Princeton University

Princeton University

Princeton, NJ


Fri, Apr 12 '13
Princeton, NJ, US

PARTICIPANTS: Peter Galison, Manuel deLanda, Andrew Barry, Anthony Vidler, Dominique Boullier, Sophie Houdart, Graham Burnett, David Benjamin, Natalie Jeremijenko, Tomas Saraceno

The symposium is inspired by the recent publication of Cosmopolitics by Isabelle Stengers. Stengers argues that a politics that will not be attached to a cosmos is moot, and that a cosmos detached from politics is irrelevant. She presents us with a new way of understanding a diverse range of practices and their relation to a material and living world. Ecology of practice is used here not as a naturalizing metaphor, but as a politically sensitive concept to capture and understand contemporary scientific, design, artistic and urban planning practices. Ecology is an alternative to modernization.
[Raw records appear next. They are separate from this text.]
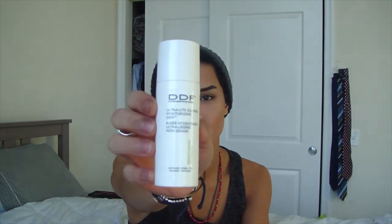My next product empty is the DDF Ultra Moisturizing Dew, and this is my favorite moisturizer — this is the fifth one I've gone through. A tiny little dab on your cheek will cover the entire cheek. It's very liquidy, goes on beautifully, feels like silk, and does not break you out at all. It gives you a really dewy finish without looking greasy. It is a $40 moisturizer, but one lasts me about two to three months.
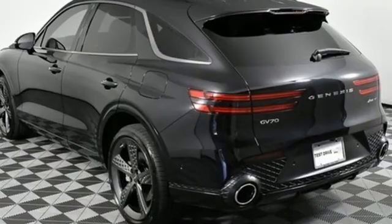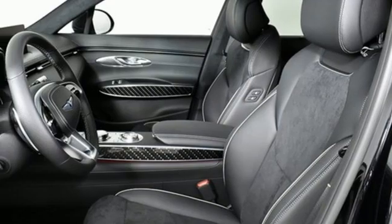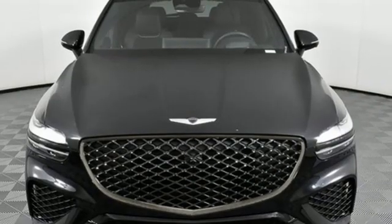Autonomous cruise control, streaming audio, memory steering wheel settings, dual zone climate control, rear parking sensors, and twin turbo V6 engine.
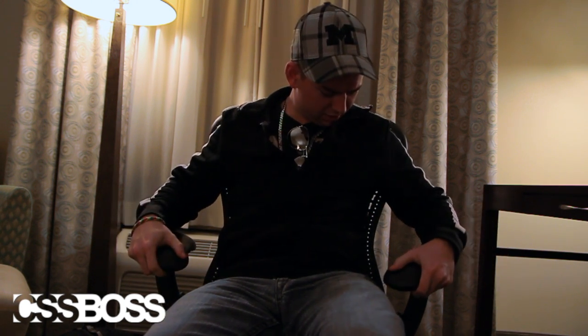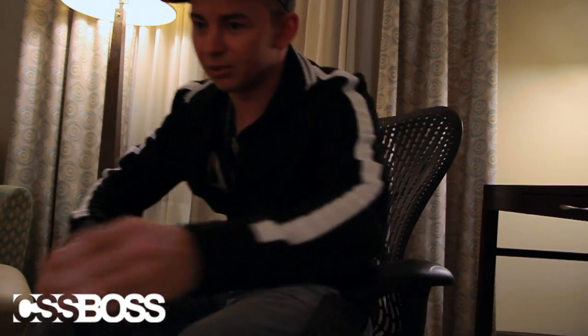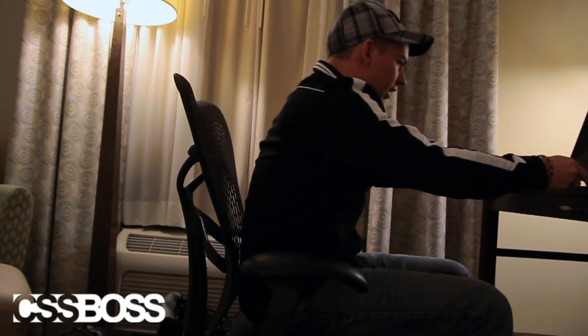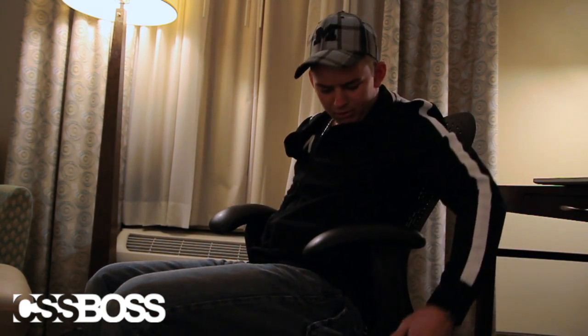What's going on everyone, it's Andrew Kayser with cssboss.com. Check out this chair — they've got adjustable arms so you can put it on the inside. I think this would be cool for having your laptop right here with perfect support. And if you want to put it up on a desk, you can pull them up.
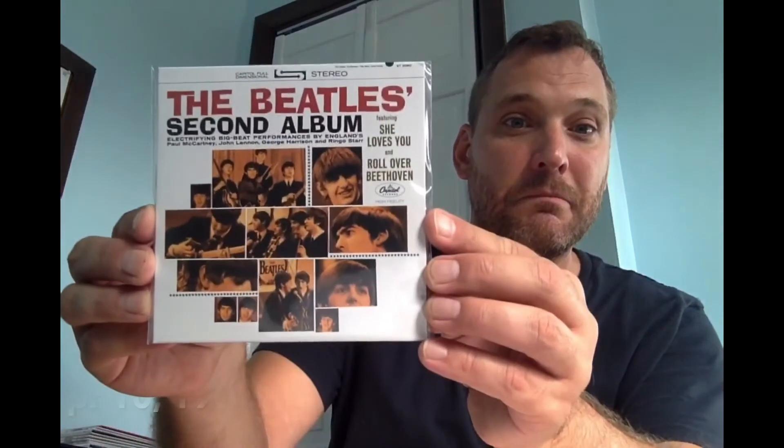The third album released in the US, the second on Capitol, is aptly titled The Beatles' Second Album — super creative marketing geniuses, those Capitol folks. That name was probably due to the fact that they wanted to crush the existence of that first album, Introducing the Beatles, and solidify that Capitol was where it was at.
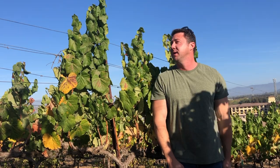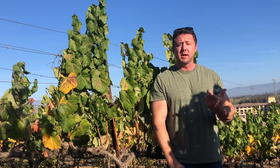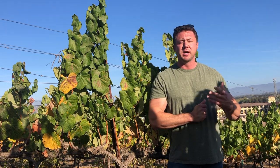Hey everybody, welcome back to Magic Time. I'm Thomas coming to you live from a really pretty vineyard here in South Napa. I wanted to cover a topic that I get quite a bit of inquiry on: how do I obtain my first level sommelier, or how do I prepare to pass the introductory level of the Court of Master Sommeliers? Where do I get started?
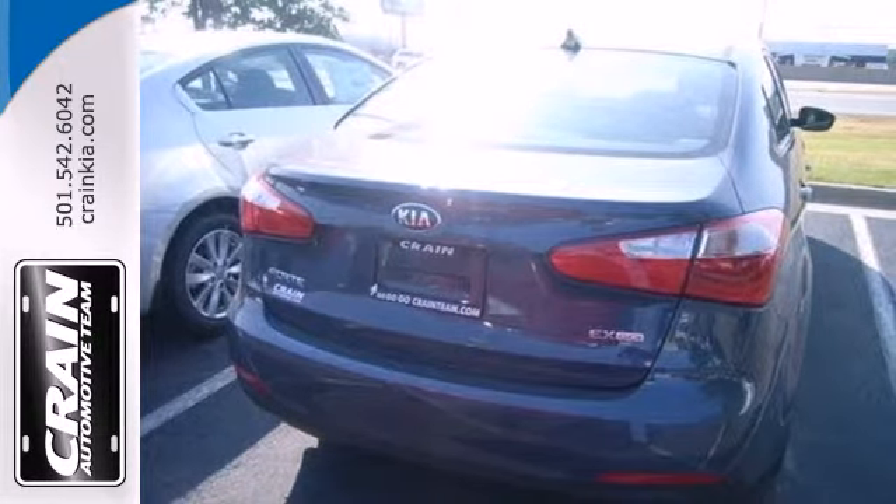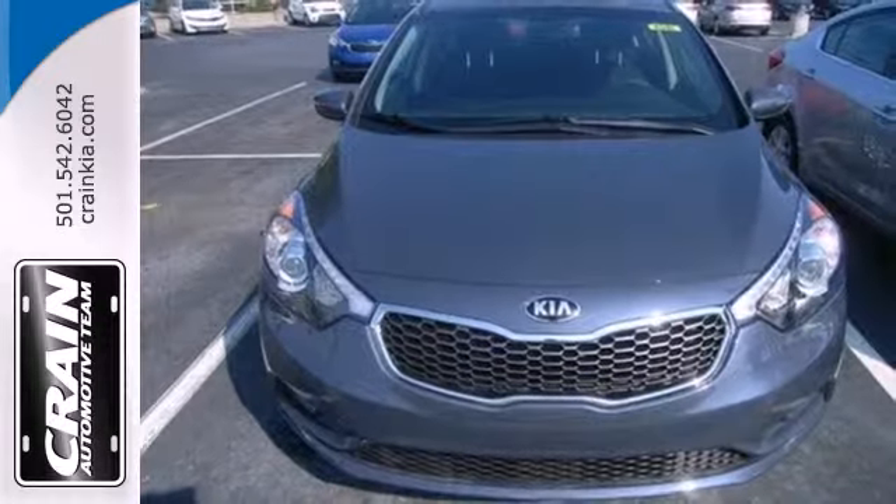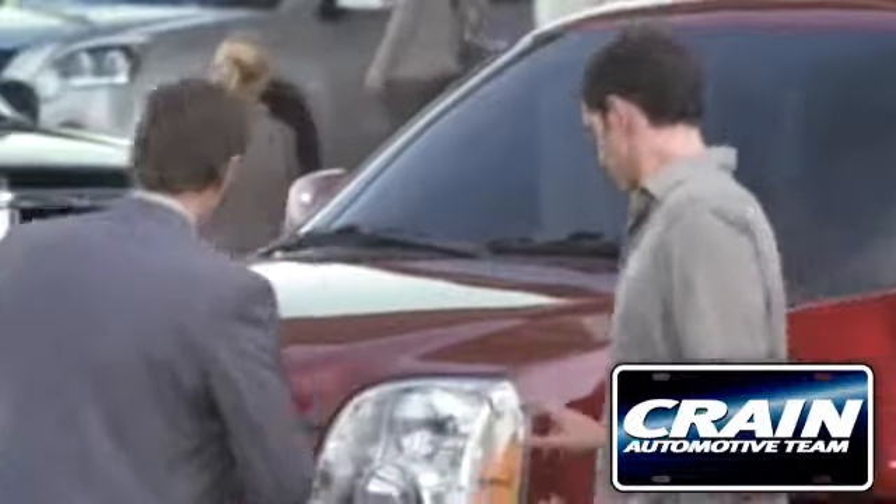Plus, you get traction control, multiple airbags, and anti-lock brakes to help keep you safe. Come in for a test drive today. Visit us anytime at craneteam.com.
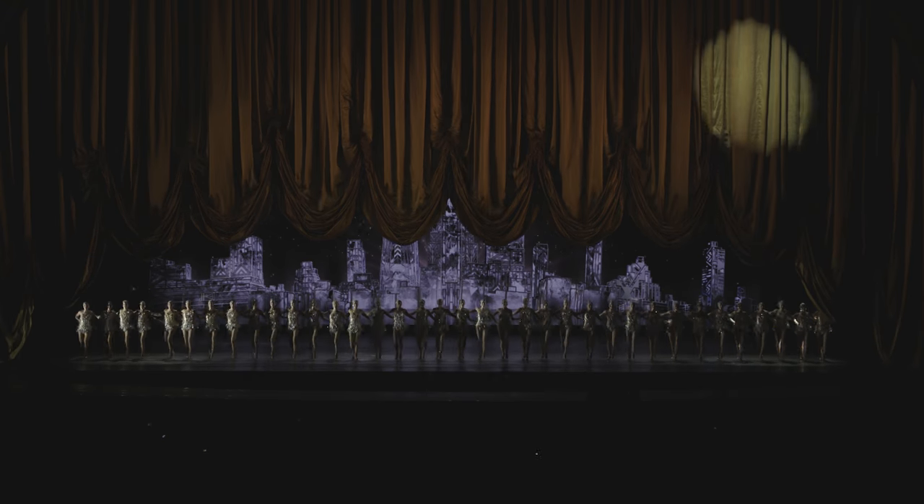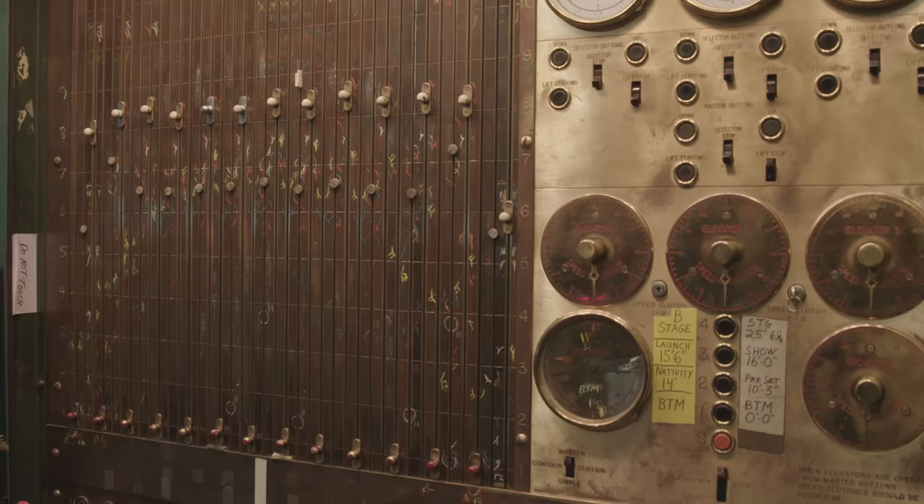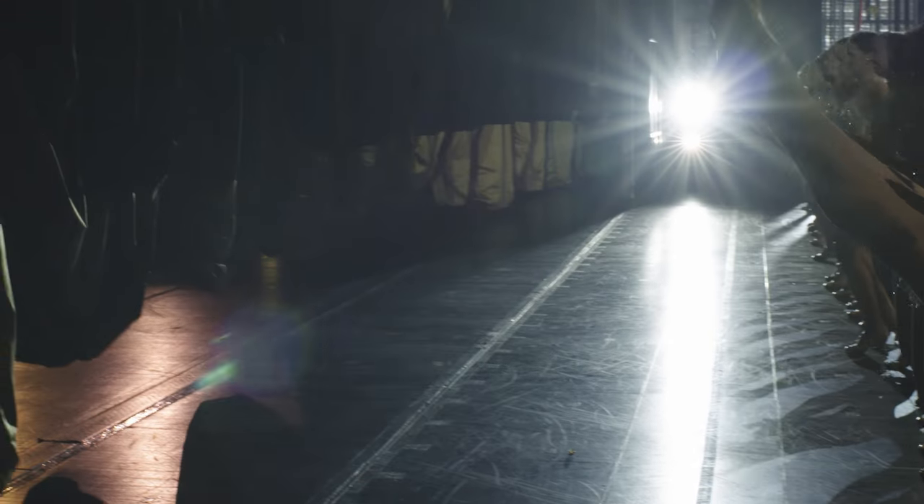One of the really cool aspects of Radio City is our contour curtain, which is this massive gold curtain that is at the front of the stage. The curtain is 3,600 pounds, and it is all operated on original equipment from when the Music Hall was first built back in the 30s.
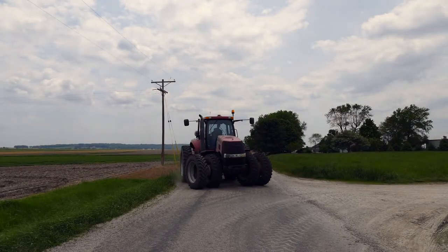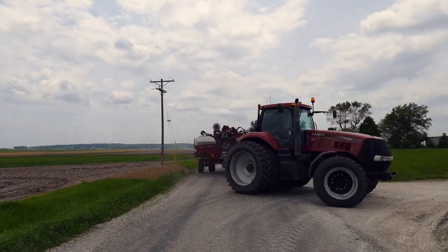Crop insurance is extensively used. It's used on over 85% of the acres for corn and soybeans in Illinois. That which is planted is insured. And the single most popular crop insurance product is RP.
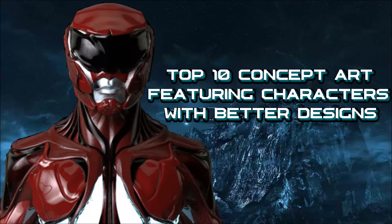Hello, this is the Lords Legion and welcome to a brand new countdown. It's been ages since I last did a concept art countdown, but here's one now. This one is about characters with better designs than their final designs, because as we all know about concept art, most times whenever they have some kick-ass concept designs they often get scrapped in favour of inferior designs for the final product.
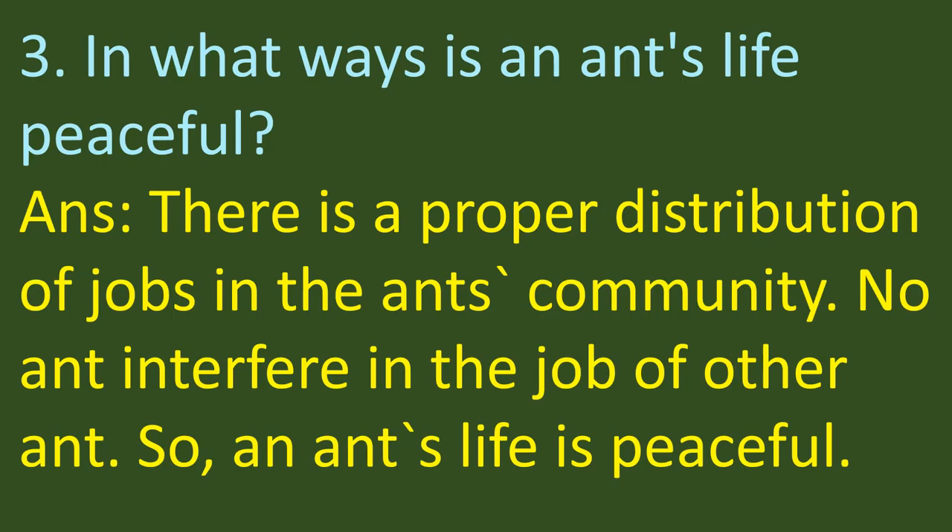The third question on the same page is to be done in your fair notebook. Write down question number 1: 'In what ways is an ant's life peaceful?' The answer is: there is a proper distribution of jobs in the ant's community. No ant interferes in the job of another ant, so an ant's life is peaceful.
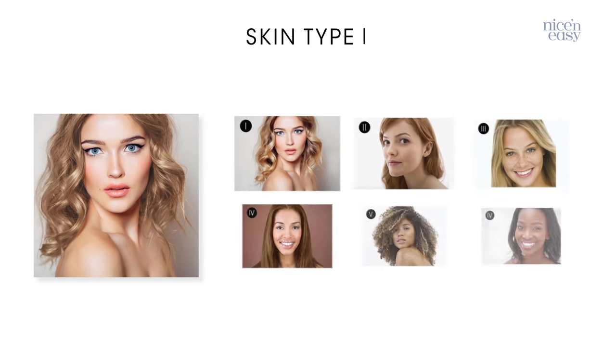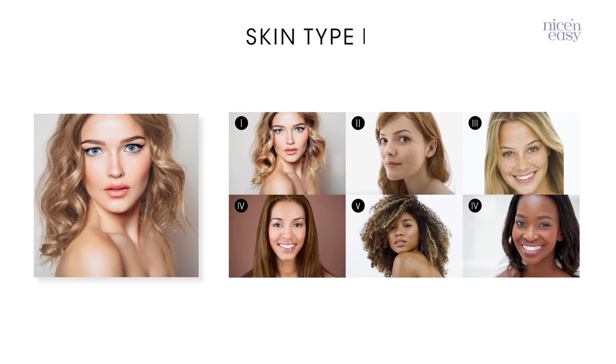Skin Type 1 is the lightest on the Fitzpatrick scale. It's typified by its tendency to burn rather than tan. And if you have light blonde or red hair and light-colored eyes, it's pretty likely you fall here on the scale.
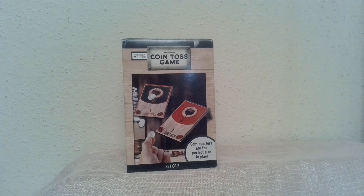Remember when games didn't mean video games or electronic games? What do you do when the power goes out, when you're stuck on an airplane, kids are in the back seat, or you're sitting at your office waiting for the next call or the meeting to start? I've got this fun coin toss game, and you get a set with it too.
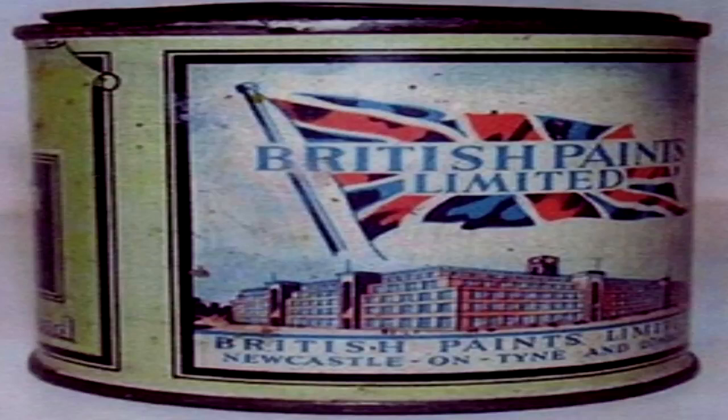Fleshtone Paint. Item Number: SCP-1199. Object Class: Safe.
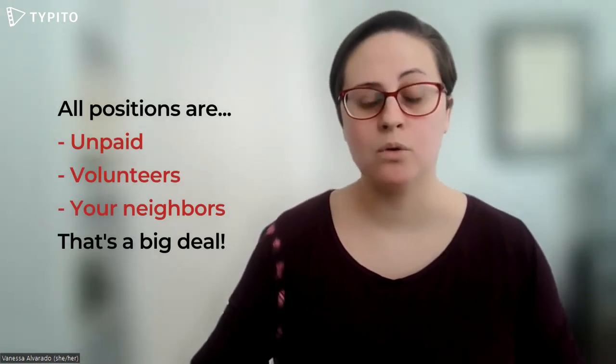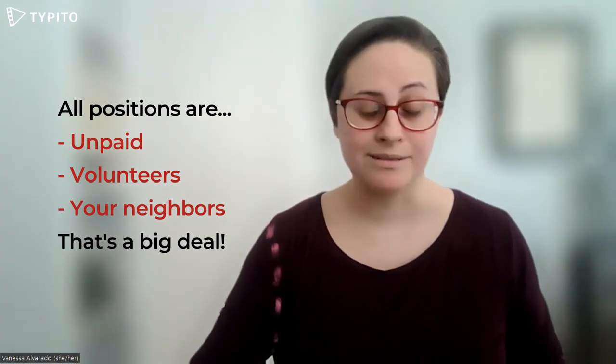Here's my two cents: every single one of these decisions are being made by unpaid volunteers who are also your neighbors. That's a big deal. And the great news is you can get involved as well. There are different opportunities for you to serve based on your skill set, your interests, and your availability. Some of these committees meet as little as a couple of times a year, and some meet as often as every couple of weeks.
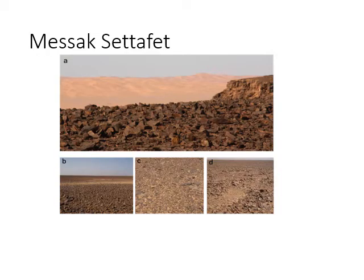The Mesac Setafet is a plateau — really a ridge, a spine — that sits up above the sand seas. You can see in the top picture how the sand seas are in the background and then this very rocky escarpment and landscape made up of Mesozoic rocks, highly eroded and broken up. We can see from the smaller insets at the bottom that it creates a sort of pavement of stones, which is what we started to investigate.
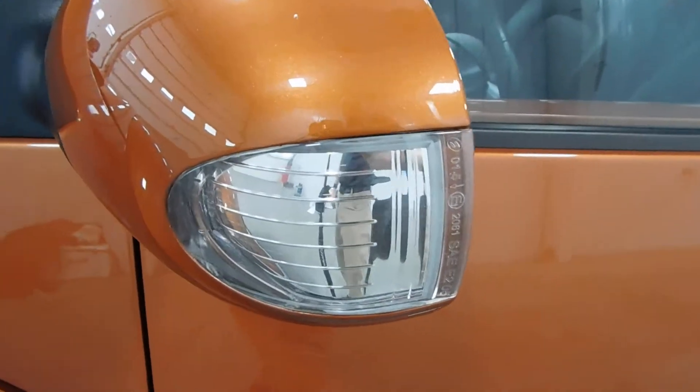On that exterior mirror, I'm going to show you your turn signal indicator. I'm going to open up the door — you can see you have your leather interior, very nice seats, very clean everywhere.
It is a new way to handle all the objects of human and non-human collective life.

The symposium aims at proposing new ways of addressing designers to what they do, and therefore other ways of addressing the others. We set the questions: How can design practice be read "from within" -- first, as a dynamic way of incorporating as constitutive dimensions the criteria and modes of judgment of a collective practice, second, in the ecology of relationships among disciplines, in their controversies through which the scope, rights, and obligations of a practice are discussed and challenged? What are the requirements, constraints, and obligations of different types of creative and fabricating relationships? How do they affect the practitioners? How can we foster designers' own force and make present what causes designers to think, feel, and act? Who is, or will be, affected by the design and how? How is the agency of other species and objects taken into account? These are all cosmopolitical questions.

To provide answer to these questions, historians, anthropologists, science studies scholars, sociologists, political scientists, urban historians, architects, designers and artists are invited to tackle the ecologies of diverse practices: of physicists, engineers, activists, urban planners and designers, oceanographers, ecologists and natural scientists. The point is not to learn from the others "as they are," but to learn from them as they become able to produce relevant ways of resisting what defines them. This trans-disciplinary dialogue on ecology of practice is expected to actively create the possibility of new types of 'we', which will undo the molar socio-professional strata of architects as a group. This will create new possibilities for designers to be present and to connect.